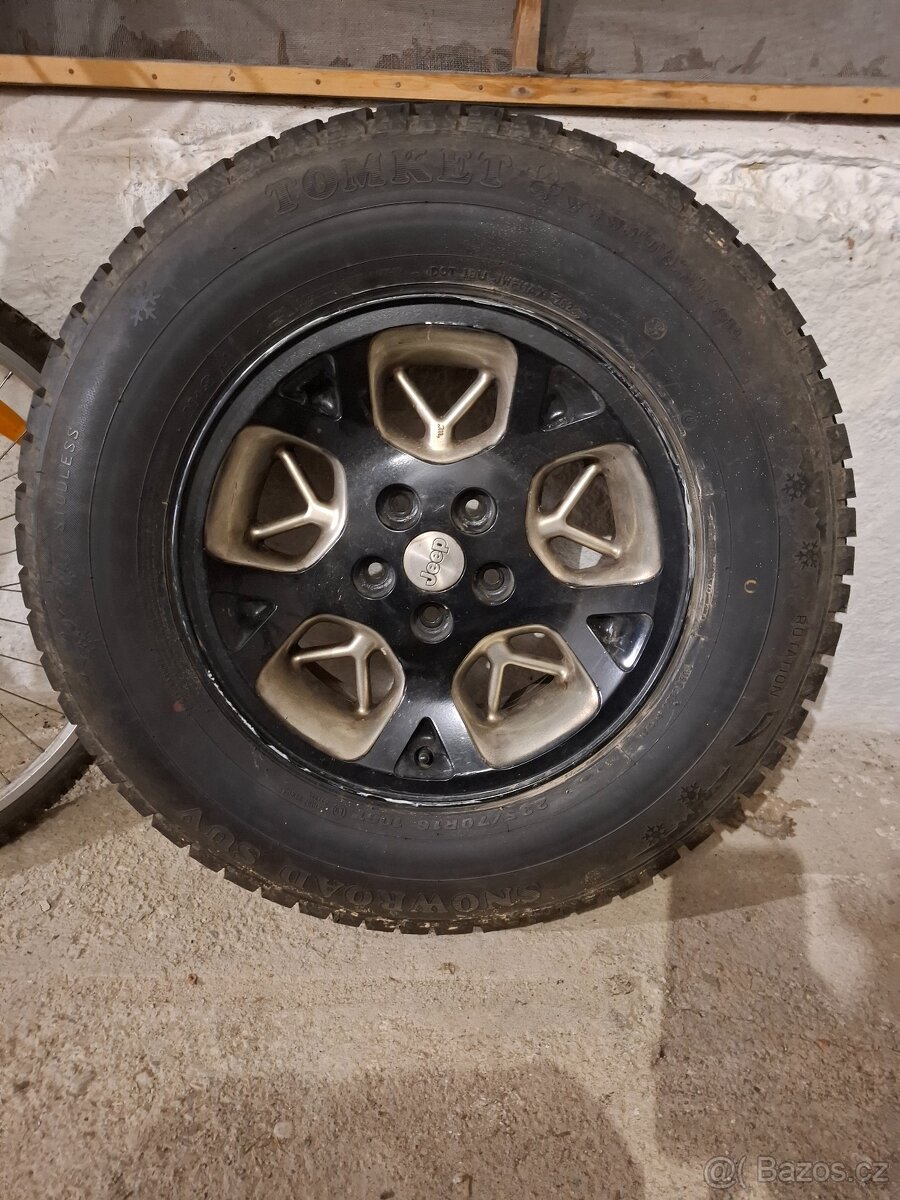 Kola jeep cherokee kj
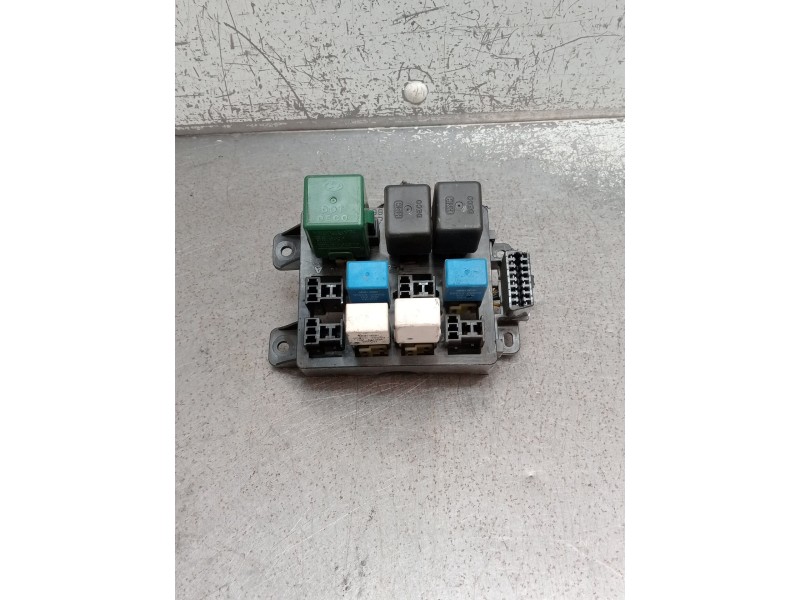 Recambio de caja reles / fusibles para hyundai h-1 furgoneta (a1) 2.5 crdi referencia OEM IAM   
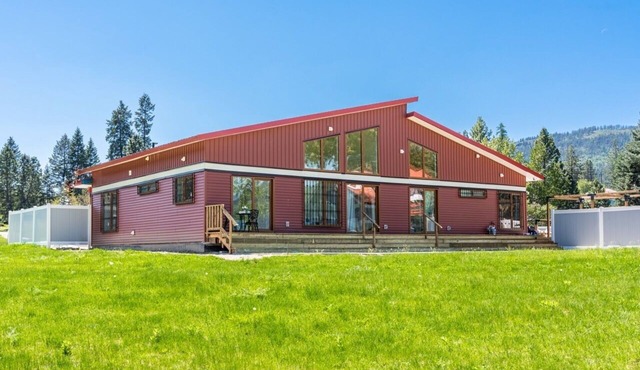 Lakefront Retro Style Retreat with Cedar Sauna, central AC, jacuzzi - fits 18ppl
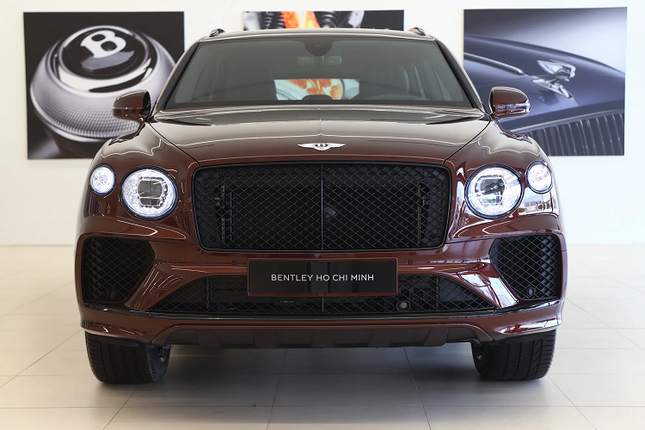 Dai gia Sai Gon chi 17 ty tau Bentley Bentayga 2021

::::

EXERCISE PROMPT.
Starting with the line that contains "Recambio de caja", give the lines again exactly as they appear through the last line of the data, pictures excluded.

REPLY TO THE TASK.
 Recambio de caja reles / fusibles para hyundai h-1 furgoneta (a1) 2.5 crdi referencia OEM IAM   
 Lakefront Retro Style Retreat with Cedar Sauna, central AC, jacuzzi - fits 18ppl
 Dai gia Sai Gon chi 17 ty tau Bentley Bentayga 2021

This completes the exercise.